Full press conference: Candace Parker speaks before her Chicago Sky jersey retirement

Candace Parker is a straight shooter.

To keep borrowing basketball metaphors, she knows the score. Especially sitting in Wintrust Arena on Monday. If she didn’t keep her promise back in 2021, there wouldn’t be a reason to retire her jersey.

“I don’t think I’m sitting here unless we have a banner,” Parker said. “To be honest with you, I wouldn’t want to be sitting here unless we had a banner in the rafters.”

Fortunately for Parker, she’s one of the few. Few athletes like her grow into their roles as true and bright-burning stars. It’s something a sports franchise is never guaranteed to have, and it’s something Chicago sports has lacked since she left for Las Vegas in 2023 as the 2021 Chicago Sky remain the last professional sports championship for the city.

For most people, the only true guarantees are death and taxes. For present-day Chicagoans, it’s death, taxes and sports heartbreak.

That wasn’t always the case. 

For Parker, her childhood had three guarantees.

“My childhood – I grew up in the nineties as a lot of people in the Chicagoland did – it was eat Portillos, eat at Giordano’s and go to Grant Park in June because the Bulls were going to win the championship,” Parker said. “Those three things were for sure.”

That’s why she’s a born winner.

Two IHSAA state titles, two NCAA titles and three WNBA titles to her name later, Parker had her jersey raised to the Wintrust Arena rafters. The Sky made Parker the second jersey retired by the franchise since Allie Quigley was the first earlier this summer.

There was no way Parker didn’t deserve it.
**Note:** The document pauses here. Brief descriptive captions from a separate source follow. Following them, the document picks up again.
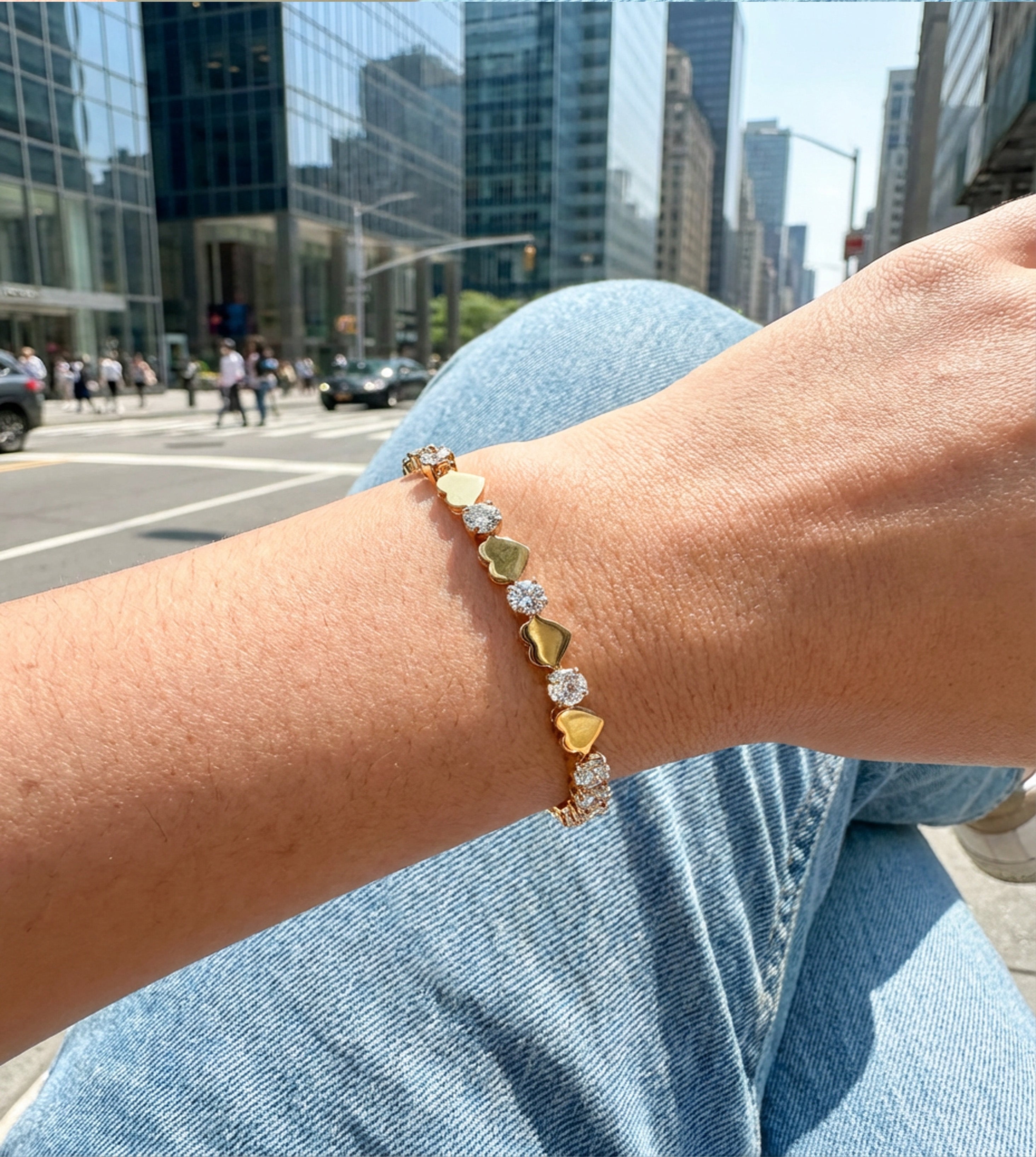 Heart Bracelet / Clear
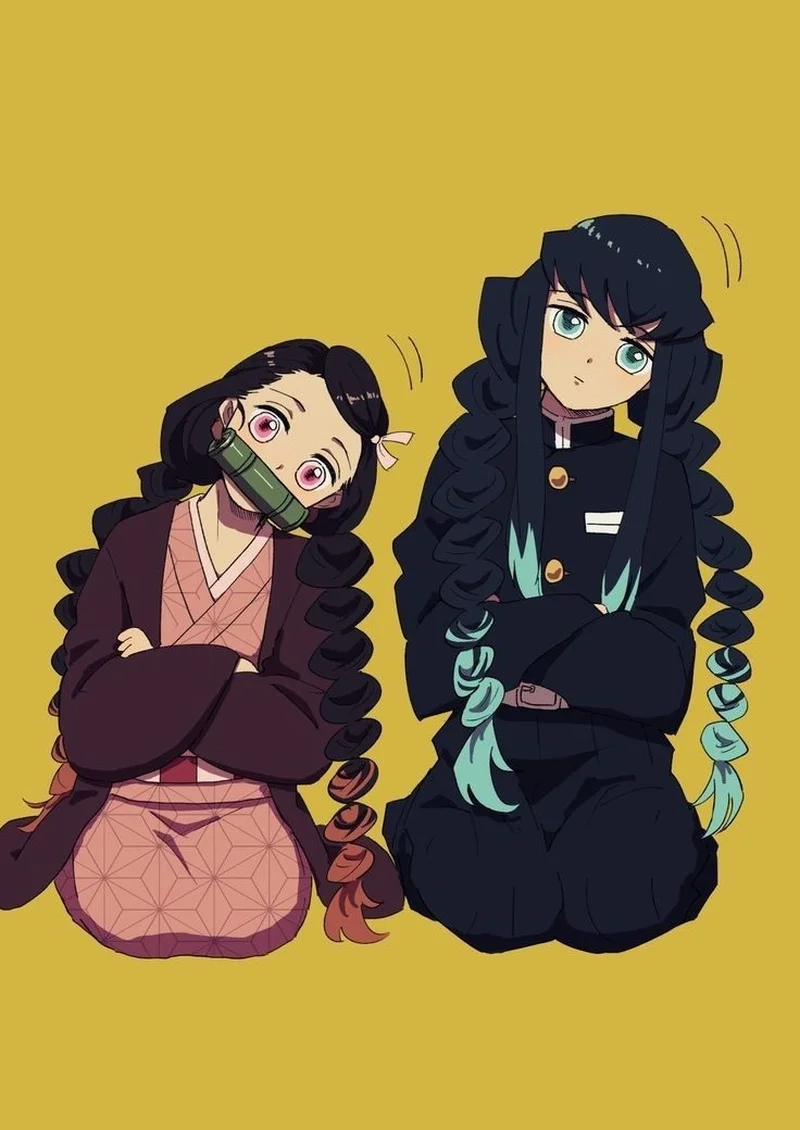 Biểu cảm tuyệt đẹp trong muichiro nezuko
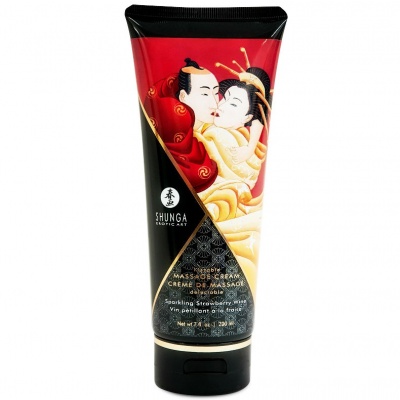 Shunga Strawberry Cava Massage Cream 200ML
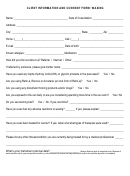 Client Information And Consent Form: Waxing Printable pdf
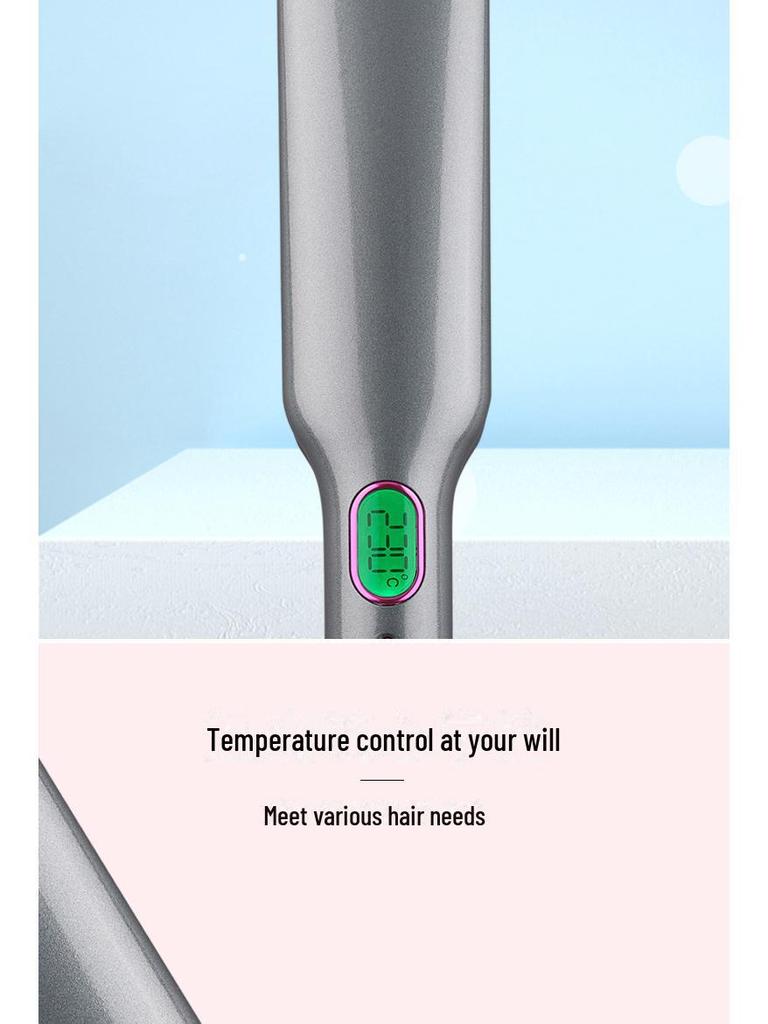 High-Demand Infrared Negative Ion LCD Violet Wide Plate Hair Straightener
She came home in 2021 when she could have gone anywhere in the league to bring her own championship to Chicago. Just like Jordan did all those years. Just like the ‘85 Bears did. Just like her Cubs did in 2016.
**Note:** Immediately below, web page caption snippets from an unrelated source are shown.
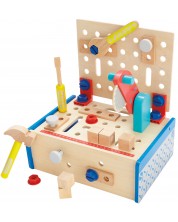 Σετ παιχνιδιού Acool Toy - Πάγκος εργασίας με δισκοπρίονο και εργαλεία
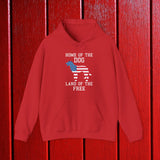 Patriot Dog Hoodie Sweatshirt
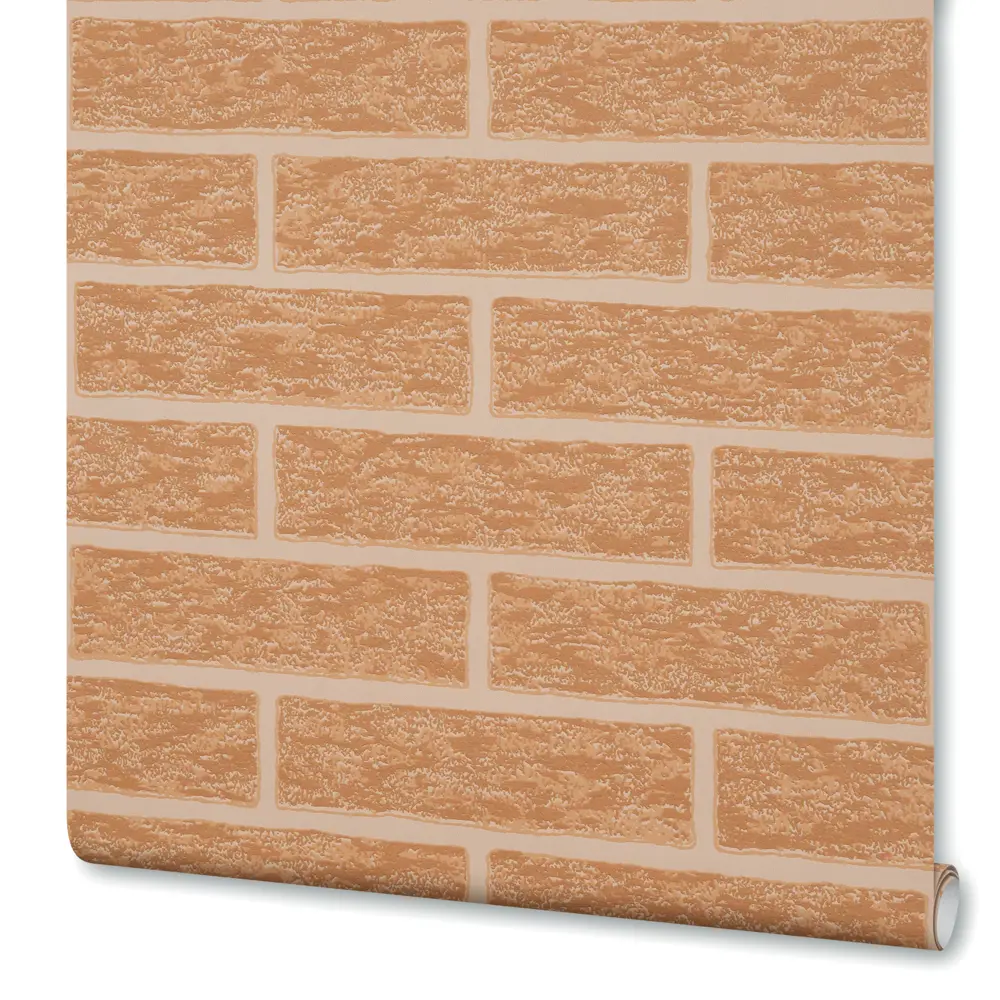 Обои виниловые Ateliero Brick коричневые 0.53 м 38335-07 STLM-2058713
She followed through, co-authoring the last professional sports title in Chicago.

How many Chicago stars can say this? How many have promised the promised land and actually delivered on it?
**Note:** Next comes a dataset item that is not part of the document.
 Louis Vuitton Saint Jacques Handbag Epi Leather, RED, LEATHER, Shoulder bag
This is a city so starved for championships, it’ll bargain for winning records and playoff appearances. Parker did it in her first year.

She’ll be the first to tell you the odds didn’t look great. The Sky were 16-16 going into the playoffs.

“We were bad, let’s be honest,” Parker said, as if over half the teams in this city – including the present-day Sky – would be elated to finish with a .500 record.

Parker still led the Sky to a title in one of the greatest playoff runs this city has ever seen.

It’s because Parker is a rare breed of athlete. She’s the kind that could defy losing. She was the basketball player who gave each team she played on a chance to win, simply because she was there. Parker grew up in an era where that was the norm.

“Living in the city, it was like winning was the bar,” Parker said. “If you didn’t win, like there was nothing else. So, to see the Stanley Cups, to see the Chicago Bulls, to then be a part of bringing a championship to Chicago is surreal to be honest with you.”

The best teams in Chicago sports history only deal in absolutes.

The 1985 Bears were arguably the best team to ever play. The Blackhawks’ dynasty defied the odds and won three titles in an era that discouraged multiple titles. The 2005 White Sox had one of the greatest postseason runs in MLB history. The 2016 Cubs eviscerated a 100-year curse with one of the greatest Game 7s ever played. The 1990s Bulls were one of the greatest dynasties that all of professional sports has ever seen.

The Sky fit into that discussion because of Candace Parker. 

There were the Elena Delle Donne years, where the Sky came close to winning it all. It took Parker, arguably the greatest women’s basketball player of all time, to bring the Sky to where they could never go before.

It was a moment in her career where it all came full circle. Parker had her jersey retired in Los Angeles earlier this season, which is where she won MVP awards and won her first championship. She was in a different part of her life then; seeing her jersey retired in Chicago validated her more experienced status. Parker connected the past, present and future.

“Every journey is different, but it was especially amazing to bring my kids back here and see the city and see basketball through their eyes,” Parker said. “I think that’s the difference. It was a grind in LA, like I was trying to figure it out. I was a new mom. I feel like that was like the upbringing for little me and then now it’s like the experienced me. I get to come back and kind of reflect.”

When we reflect on Chicago sports stars now, we see what could be. Angel Reese is the face of the present-day Sky. Caleb Williams could finally be the star quarterback the Bears have wanted. Matas Buzelis, Colson Montgomery, Pete Crow-Armstrong and Connor Bedard could be game-changing stars.

None of them captivated Chicago like Parker did. Even if you’re the kind of person who vehemently says they don’t watch the WNBA, you knew what Parker was doing for this team.

“On the way to the playoffs, game four, the lions were in Chicago Sky jerseys,” Parker said. “This whole city was excited for us.”

Those kinds of players – who defy losing, turn a deficit into a win and shine brighter than the sun itself – are in short supply in Chicago now.

For Parker, it was the understanding of what it all meant instead of the simple desire to be the best.

“Winning in Chicago,” Parker said, There’s nothing like it.”